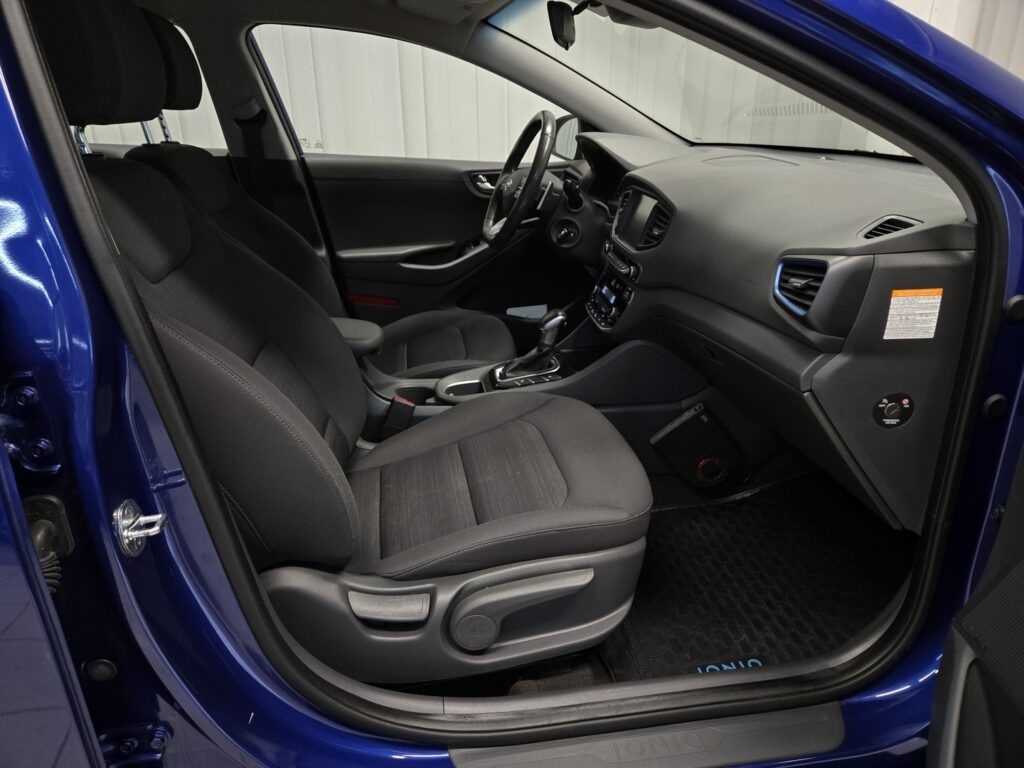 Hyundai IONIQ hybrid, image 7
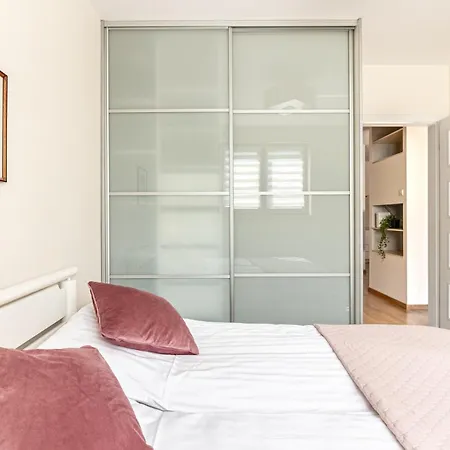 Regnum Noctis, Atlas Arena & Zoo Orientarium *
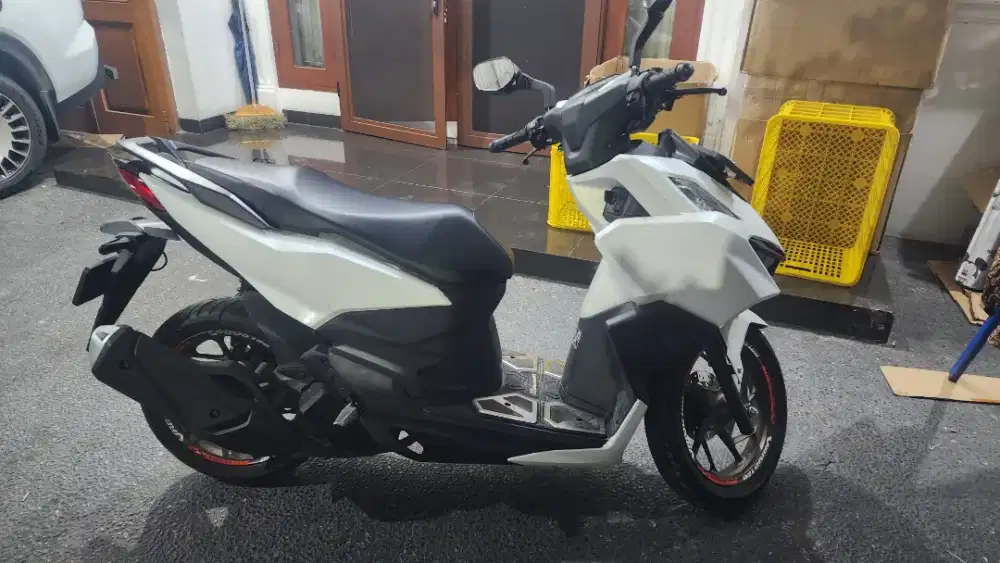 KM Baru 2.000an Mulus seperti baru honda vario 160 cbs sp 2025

==================================================

* Problem to work on:
Once the line with "Regnum Noctis, Atlas" is found, write out that line and every later line of the listing above exactly, through the last one, and skip any pictures.

* Finished exercise:
 Regnum Noctis, Atlas Arena & Zoo Orientarium *
 KM Baru 2.000an Mulus seperti baru honda vario 160 cbs sp 2025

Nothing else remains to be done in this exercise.